> [Your assignment] Only one span of the listing below should come back. It runs from the line with "imagePRETTYGARDEN Womens 2025" through the line with "Mochila Multifunción Maternal", and each of its lines must be reproduced exactly.

> [Information given]
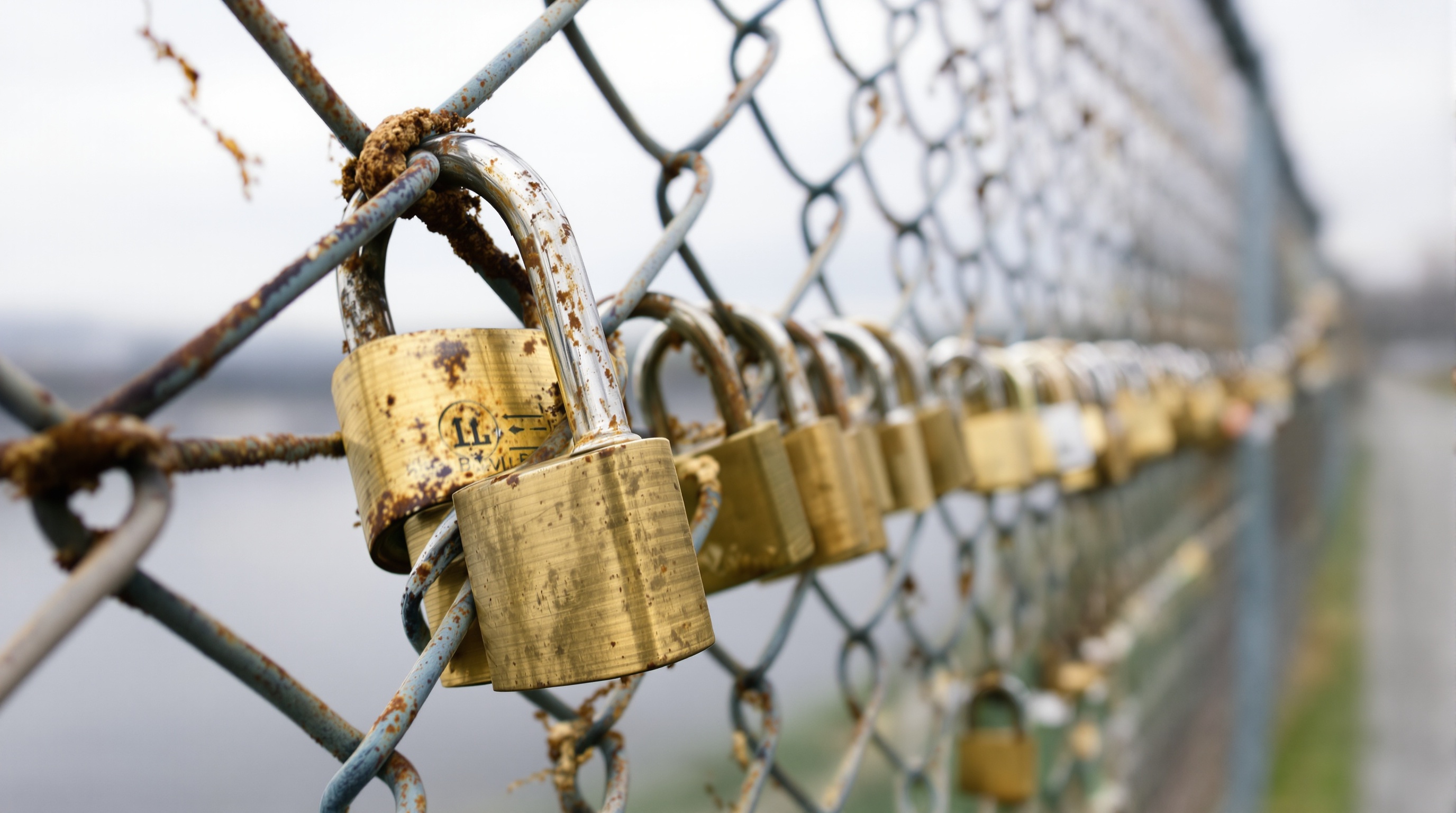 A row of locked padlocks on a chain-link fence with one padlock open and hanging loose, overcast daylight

---

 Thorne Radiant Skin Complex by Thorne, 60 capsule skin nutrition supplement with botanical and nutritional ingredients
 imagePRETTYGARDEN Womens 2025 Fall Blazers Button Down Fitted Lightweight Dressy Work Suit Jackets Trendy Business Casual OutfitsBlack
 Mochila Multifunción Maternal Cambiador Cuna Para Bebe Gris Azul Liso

==

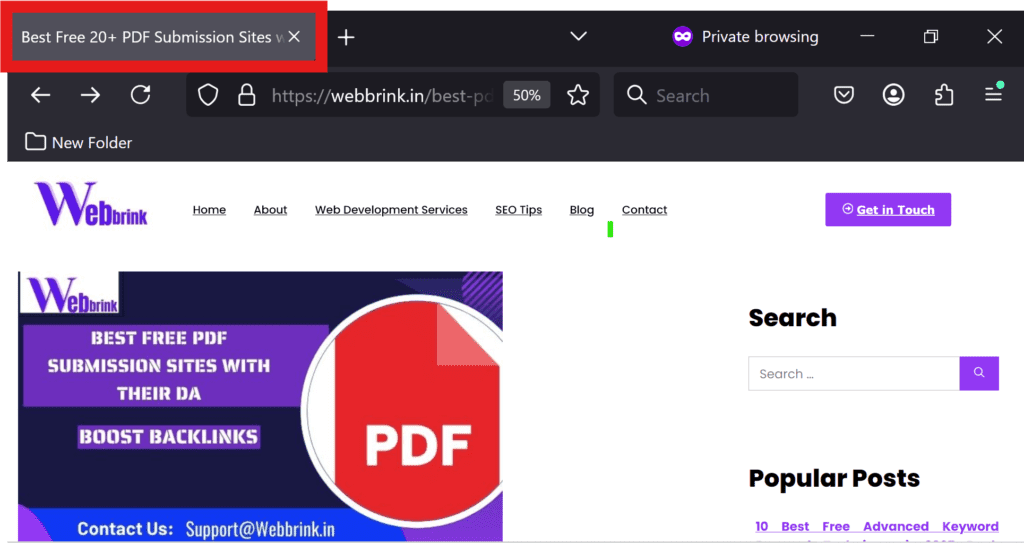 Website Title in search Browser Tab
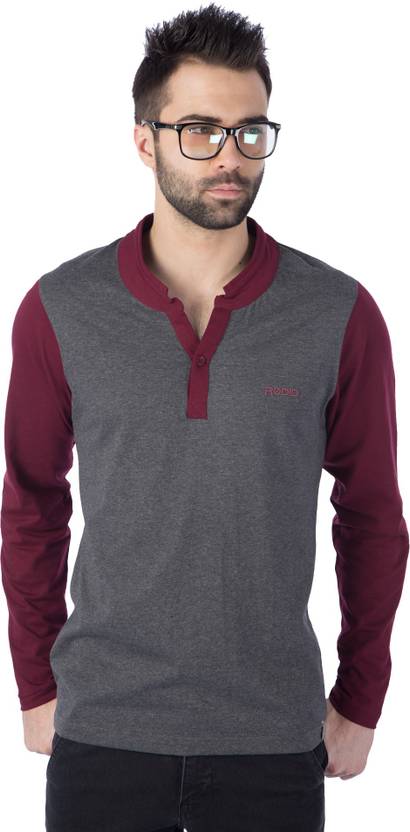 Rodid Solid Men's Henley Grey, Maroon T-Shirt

> [Exercise result]
 imagePRETTYGARDEN Womens 2025 Fall Blazers Button Down Fitted Lightweight Dressy Work Suit Jackets Trendy Business Casual OutfitsBlack
 Mochila Multifunción Maternal Cambiador Cuna Para Bebe Gris Azul Liso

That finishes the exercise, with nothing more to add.